* [RECORDS PROVIDED]
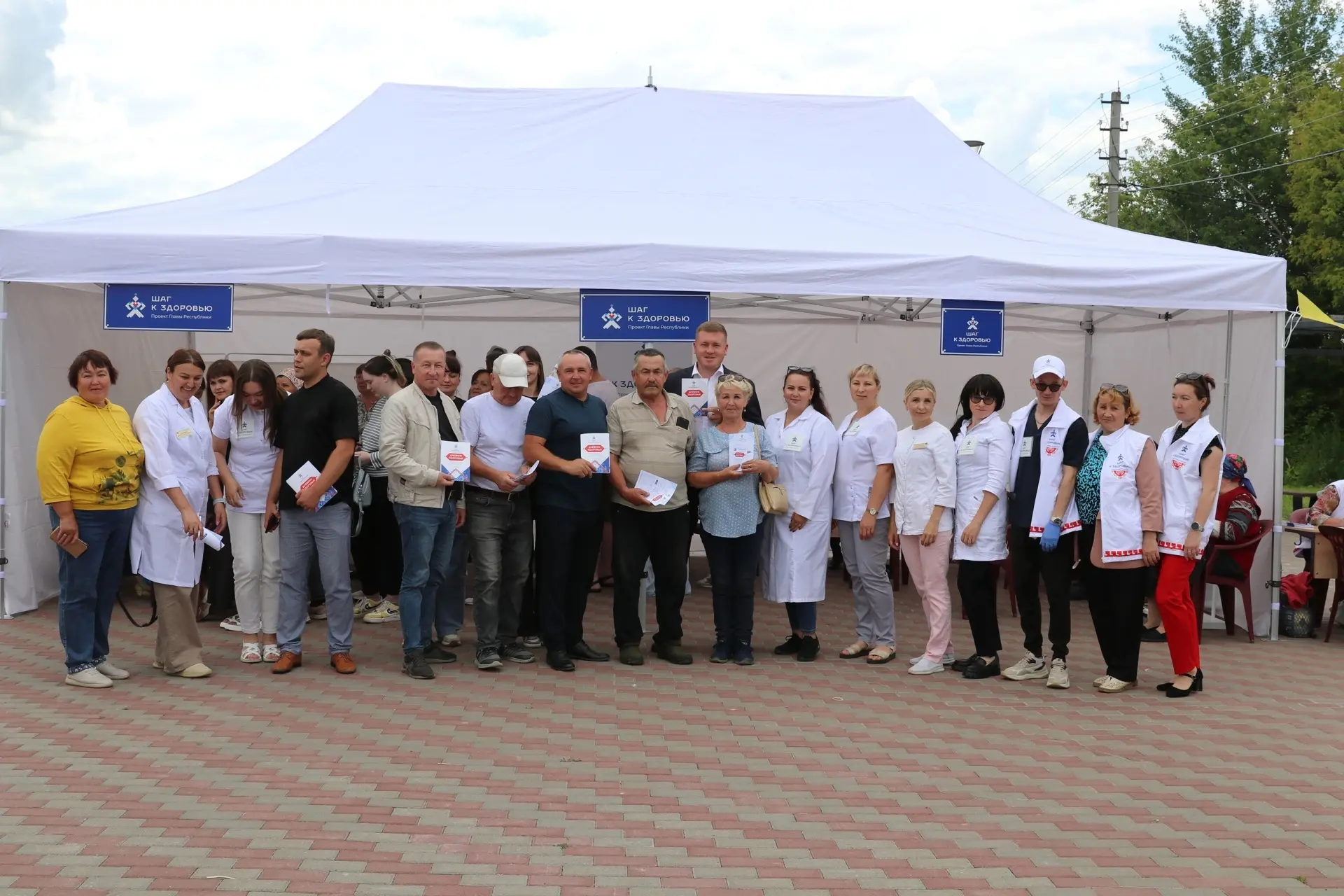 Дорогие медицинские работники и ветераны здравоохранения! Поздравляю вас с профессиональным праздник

==

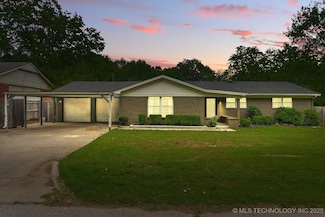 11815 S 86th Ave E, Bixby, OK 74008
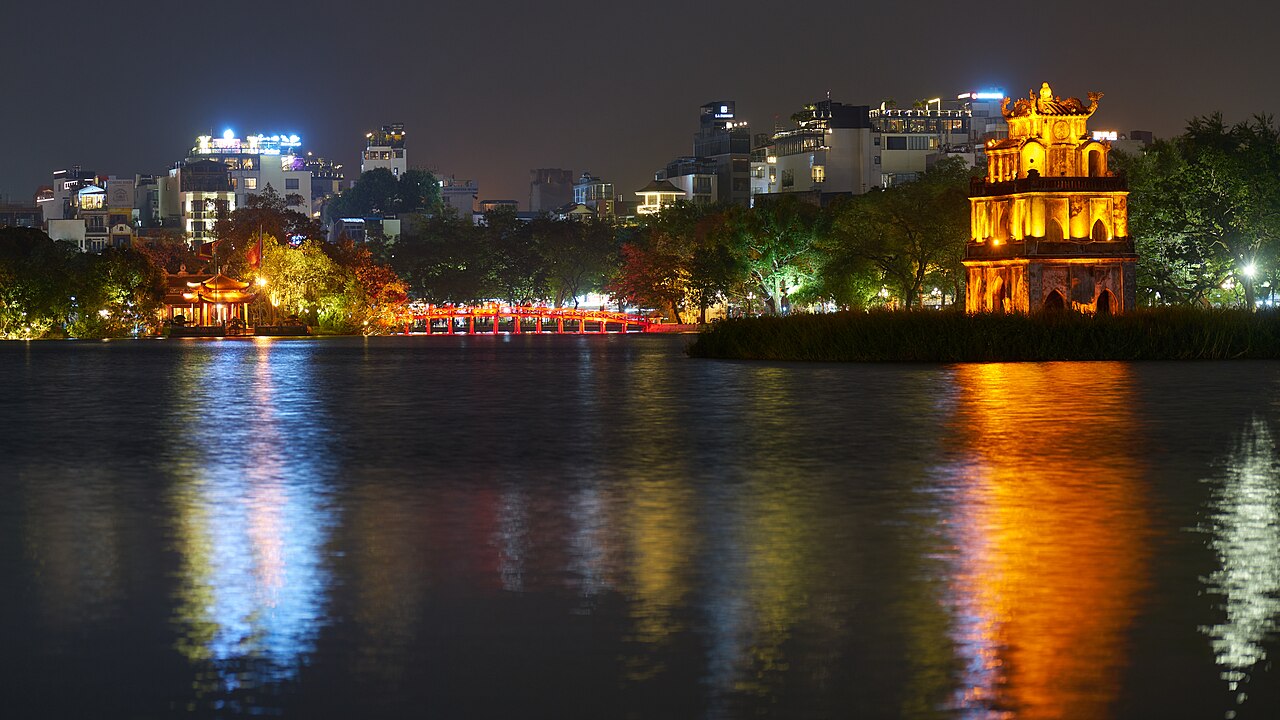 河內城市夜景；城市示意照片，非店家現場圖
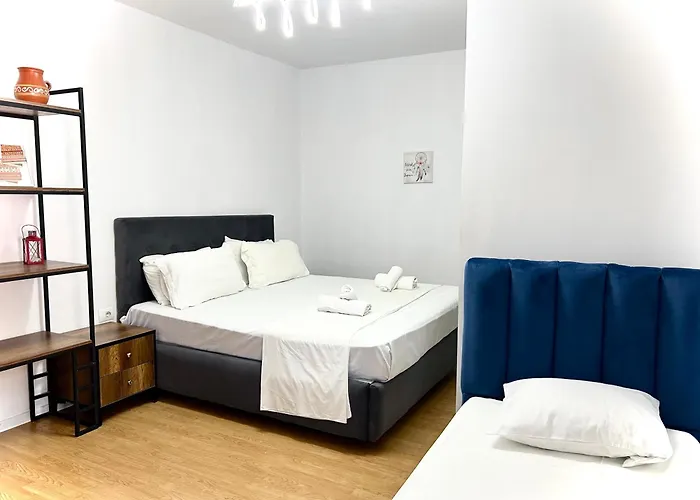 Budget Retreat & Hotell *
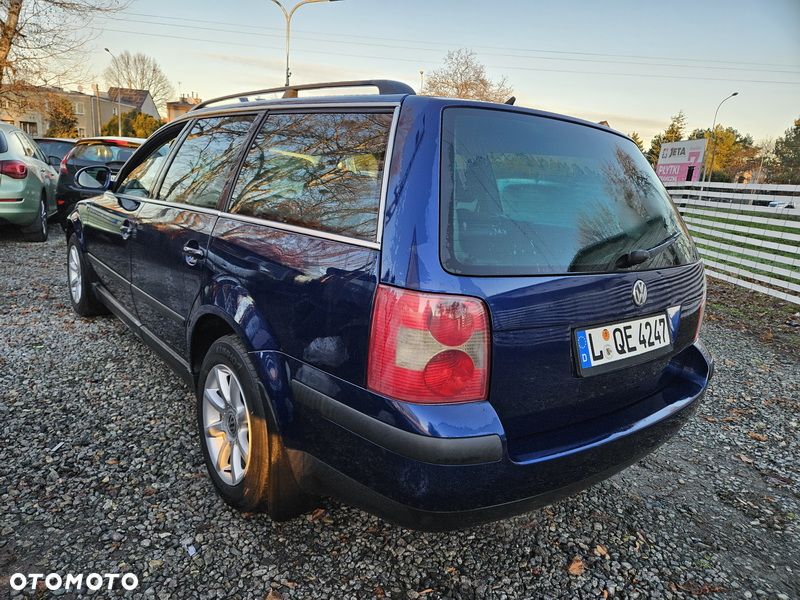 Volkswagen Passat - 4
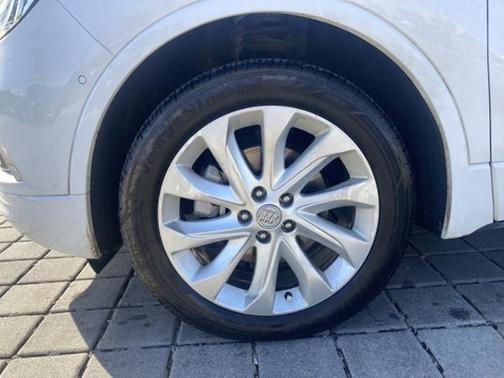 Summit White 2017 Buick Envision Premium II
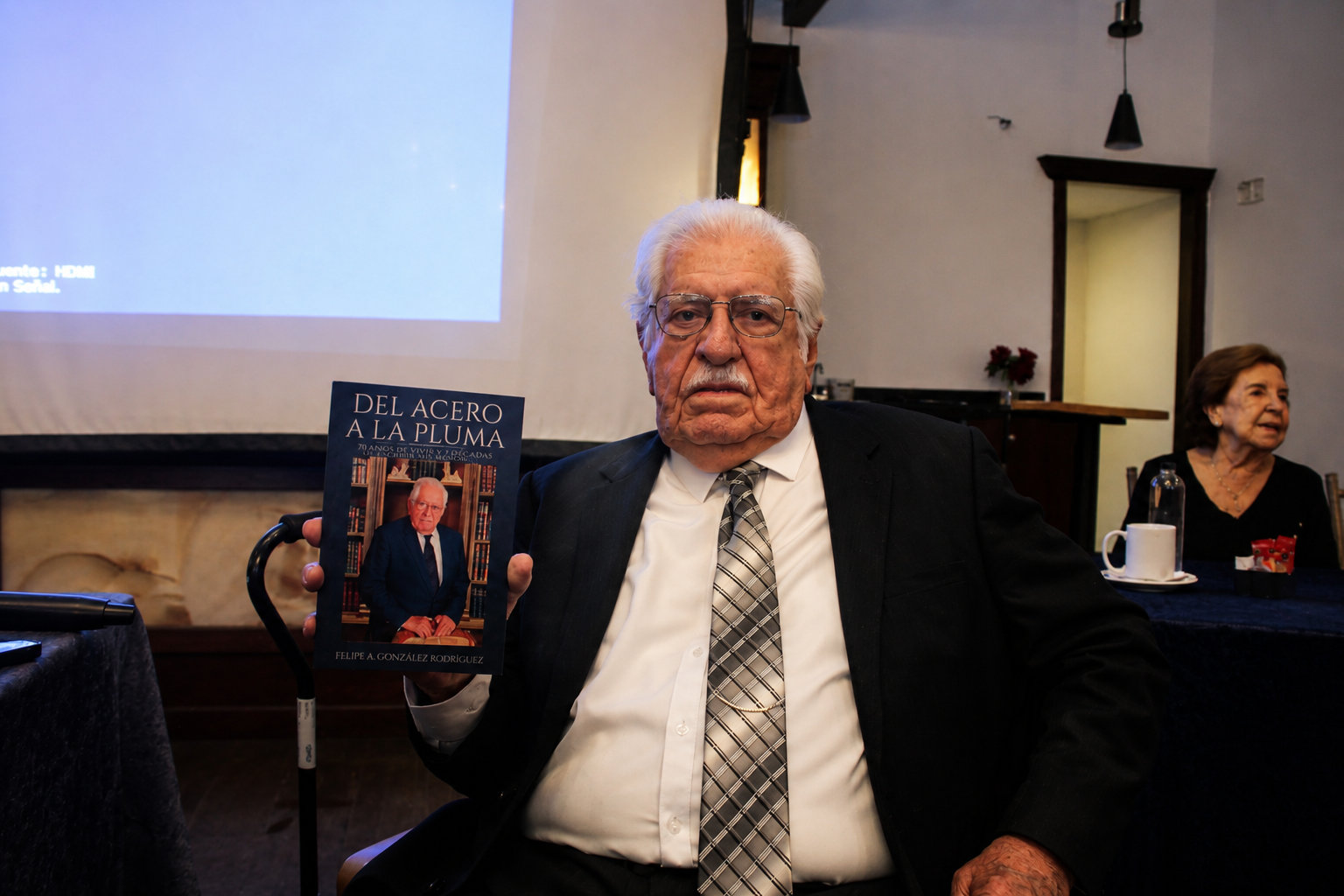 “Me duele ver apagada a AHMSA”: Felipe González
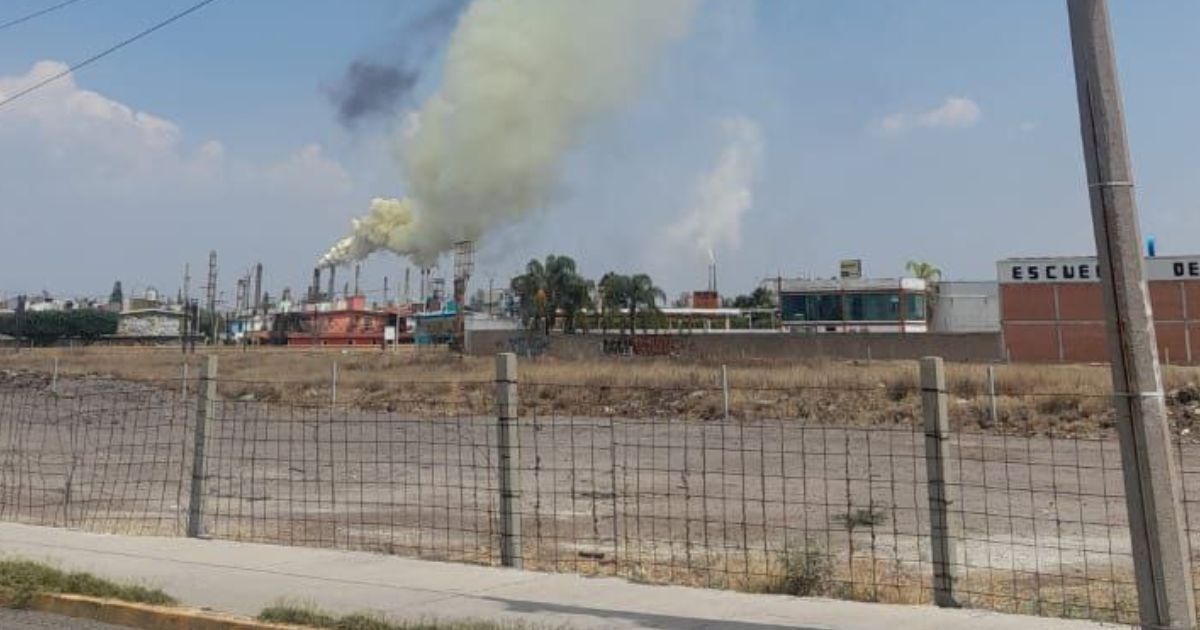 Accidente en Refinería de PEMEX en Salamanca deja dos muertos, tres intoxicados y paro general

* [AIM OF THE TASK]
Using the data above, transcribe exactly the lines between those containing "Volkswagen Passat - 4" and "Accidente en Refinería", inclusive, and leave every picture behind.

* [SOLUTION FOR THIS EXERCISE]
 Volkswagen Passat - 4
 Summit White 2017 Buick Envision Premium II
 “Me duele ver apagada a AHMSA”: Felipe González
 Accidente en Refinería de PEMEX en Salamanca deja dos muertos, tres intoxicados y paro general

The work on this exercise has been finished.